Pero es innegable que los intentos de crear solidaridad y buscar esas conexiones ha sido unidireccional, y procede predominantemente de los países ubicados en el este de Europa.
No hay duda de que la invasión rusa debe entenderse de modo nacionalista e imperialista, y que la mayoría blanca de Rusia debería revisar la historia rusa a través del prisma del imperialismo, aunque los estudiosos de la región participan en exhaustivos trabajos que debaten la posibilidad de aplicar el término «colonial» al caso del Imperio ruso/Unión Soviética/Federación Rusa.
También se plantea la cuestión de dónde nos deja el debate sobre el imperialismo ruso en cuanto a la lucha global anticolonialista, y cuáles son los fundamentos para buscar solidaridad con los países (antes) colonizados en otras partes del mundo. En este ensayo, sugiero que la elaboración de analogías entre el poscolonialismo y el postsocialismo ha sido demasiado rápida, y como mínimo, exige que se examine la participación activa de la región al vigilar las fronteras físicas y simbólicas de «Europa»
«Regreso a Europa» y control de las fronteras de la Unión Europea
Como señalan los estudiosos críticos del postsocialismo, una de las narrativas que ayudaron a entender la época posterior a 1989 a las élites europeas del Este y Occidente fue la historia de un «regreso a Europa«. Se narró como una liberación de la ocupación y colonialismo soviético, del «bolchevismo orientalista», y un retorno a la «civilización europea» y al «hogar común europeo».
Enfatizar la europeidad innata se ha convertido en una prioridad de muchos discursos identitarios de la región. De nuevo, las nociones de Europa y europeidad están en el meollo de las narrativas de guerra en Ucrania: los ucranianos no solo defienden su derecho a existir como nación, sino que luchan por los «valores europeos», lo que supuestamente debe fortalecer el apoyo a Ucrania. Este discurso también sugiere que los valores de libertad, justicia e igualdad son inherentemente europeos, que ignora las luchas de los mismos valores exactos en el mundo no europeo. La mención de «valores europeos» también fue visible en la actual tragedia de la violencia sancionada en la frontera entre Polonia y Belarús, donde algunos activistas argumentan que Polonia debería adoptar «valores europeos» para evitar que los refugiados mueran de hambre y frío en los bosques, aunque se podría argumentar que es precisamente el concepto de «defensa de la forma de vida europea» lo que sentencia a la gente a morir en los bosques y en el mar.

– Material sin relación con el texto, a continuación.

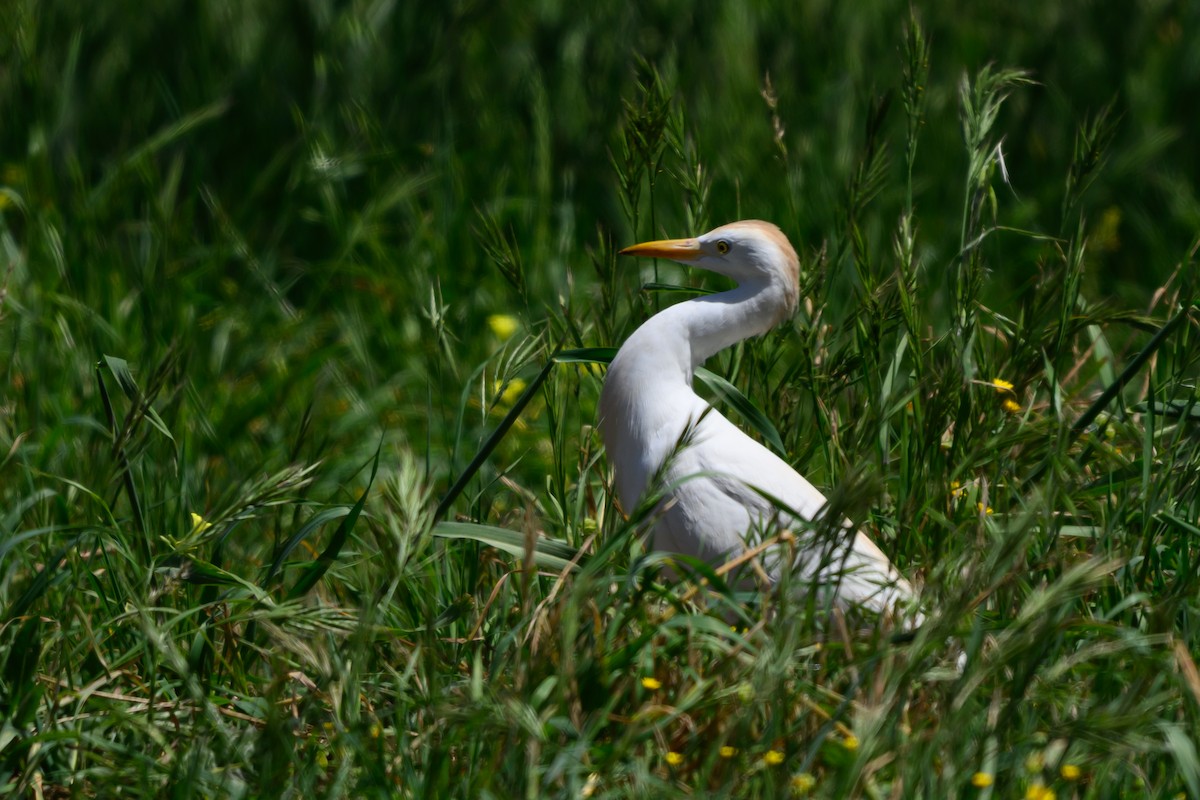 Western Cattle-Egret - ML650768943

Pero ¿qué supone el regreso al «hogar europeo» para quienes se convierten en Estados miembros de la Unión Europea? Entre otras cosas, la llamada «ampliación hacia el este» (término ya problemático por sí mismo) de la Unión Europea planteó nuevos retos en la protección de las fronteras externas comunitarias, considerando que los nuevos estados miembros tenían que responsabilizarse de la seguridad interna de la Unión Europea. Los países del Este candidatos a la adhesión deben verse como vitales para la contención de la migración irregular. Como resultado, los nuevos estados miembros deben cambiar su legislación de forma cada vez más restrictiva, incluidos acuerdos de readmisión que se convierten en instrumentos para permitir la expulsión de extranjeros de un territorio estatal que ahora forma parte de la Unión Europea.

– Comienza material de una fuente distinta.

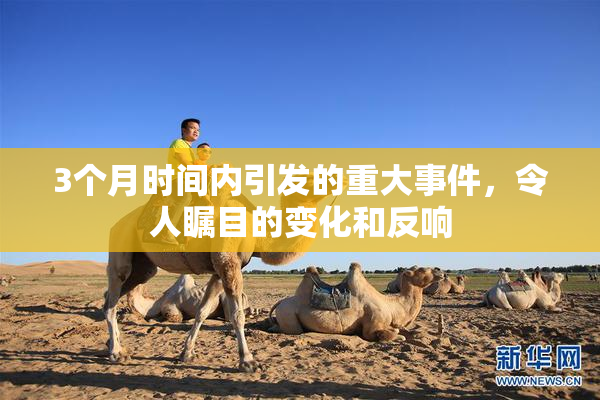 3个月时间内引发的重大事件，令人瞩目的变化和反响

Es más, la capacidad de un control efectivo de fronteras ha sido vital para la admisión en la Unión Europea, que ha canalizado considerables fondos para reforzar la infraestructura y capacidad operativa de los guardias fronterizos y prepararlos para su nueva responsabilidad de patrullar las fronteras externas orientales de la Unión Europea.
Tras la llamada «crisis de los refugiados» de Europa de 2015, numerosos países de Europa del Este se negaron a aceptar una cuota de refugiados, alegando que «nunca habían tenido colonias» y por tanto no tenían responsabilidad en los legados del colonialismo occidental. A mediados de 2022, Polonia, con el respaldo de la Comisión Europea, completó un muro de acero de 186 km en su frontera con Belarús para expulsar a buscadores de asilo de África y Medio Oriente, por mencionar solo uno de los muchos ejemplos de la violencia para rechazar a los migrantes en las fronteras comunitarias. Las fronteras sur y este de la Unión Europea se han convertido en espacios de vigilancia y encarcelación de migrantes irregulares. En este contexto, los estudiosos argumentan que Europa del Este es una extensión periférica del colonialismo europeo.
El trabajo etnográfico realizado sobre los guardias fronterizos de Letonia captura esta aparente «paradoja de la europeidad«: aunque se entrenó a los policías de las nuevas fronteras comunitarias para que fueran «tolerantes» y respetaran los derechos humanos, en línea con los «valores europeos», simultáneamente se les exigió que detuvieran el movimiento de los que amenazan el «estilo de vida europeo»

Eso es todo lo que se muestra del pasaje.